No final do GP de Itália, com uma multidão a assistir nas bancadas de Monza, escolhemos as prestações que menos convenceram e que ficaram aquém do que esperávamos. Os cinco destaques pela negativa da prova italiana:
Alfa Romeo
A Alfa Romeo está num período mau da época. Em relação às equipas adversárias que estão atrás na classificação, a estrutura suíça foi a que pontuou menos, apesar de ter somado um ponto ao final de sete corridas consecutivas. Para uma equipa cuja expectativas estavam em alta, a partir de Silverstone as coisas estão muito mal.
Em Monza, Zhou Guanyu foi o único que pontuou, não conseguindo passar Nyck de Vries dentro do ‘comboio’ de DRS que se formou desde as primeiras voltas. Esteve perto, mas depois de ser dobrado por Max Verstappen, não teve carro para continuar o esforço.
Haas
Mick Schumacher bateu de novo Kevin Magnussen e esteve sempre em lutas em pista na sua recuperação depois do pitstop. No entanto, ficou de novo curto para a Haas, que soma já cinco corridas sem pontuar e a atualização do carro nada parece ter feito. Razão tinha Magnussen que lembrou os anos anteriores quando a equipa apresentava os seus pacotes de desenvolvimento e os carros ficavam mais lentos.
Nicholas Latifi
Se dúvidas ainda houvesse, foram dissipadas em Monza. Latifi já está com pé e meio fora da Fórmula 1. Voltamos a repetir que este tinha de ser o ano de afirmação do piloto canadiano na competição, mas depois de ser batido pelo ‘inexperiente’ (na F1) Nyck de Vries em Itália, Latifi apresenta poucos argumentos para ficar.
Safety Car (FIA)
Nem depois de toda a polémica do ano passado, nem com novas diretrizes se chega a bom porto. Em Monza, a poucas voltas do final da corrida, Daniel Ricciardo ficou parado na zona de Lesmo e os comissários não conseguiam retirar o carro sem a ajuda de uma grua. O Safety Car é enviado para a pista, mas em vez de ficar na frente de Max Verstappen, apanha George Russell. Este foi o primeiro sinal que ia ser um novo episódio polémico. Depois, com o pelotão atrás do SC, vem uma grua pela pista para ajudar os comissários, em vez de se ter parado a corrida sob bandeira vermelha. Um verdadeiro perigo, como infelizmente já vimos antes. Sem esquecer que a corrida terminou numa procissão medíocre em frente a uma multidão que assistia na bancada e muitos milhões que viam pela transmissão. Um episódio lamentável numa era em que a F1 cresce e quer apresentar um ‘show’ digno. Depois de tantas alterações da FIA após Abu Dhabi, todos merecemos mais.
Alpine
Em teoria a Alpine estaria mais à vontade em Monza do que a McLaren, mas os papaia mostraram um bom andamento, tanto em qualificação como em corrida, apesar dos receios de Lando Norris no final de sexta-feira.

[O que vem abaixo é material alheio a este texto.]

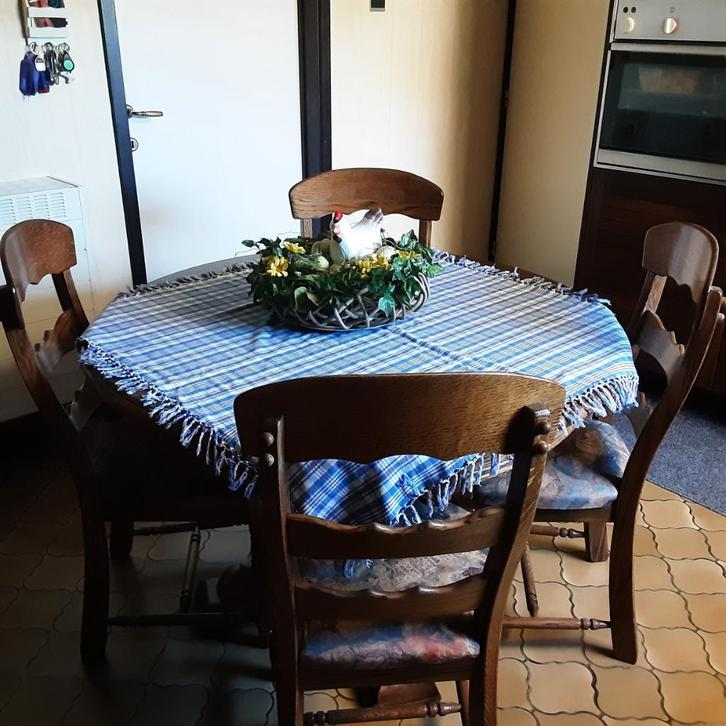 4 eiken stoelen en een ronde tafel., Huis en Inrichting, Tafels | Eettafels, Zo goed als nieuw, Vier personen, Rond, Eikenhout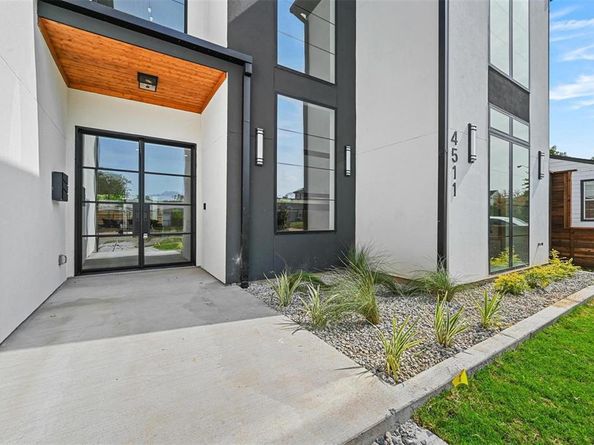 4511  Stigall Drive , Dallas Texas 75209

No domingo, Esteban Ocon nunca conseguiu rodar nas posições pontuáveis e Fernando Alonso, em luta direta com Norris e Daniel Ricciardo teve um problema com o carro e teve de abandonar, algo que não acontecia desde o GP de Emilia-Romagna, curiosamente também em Itália. Uma corrida frustrante para a Alpine, que viu os seus adversários diretos da McLaren a somar seis pontos.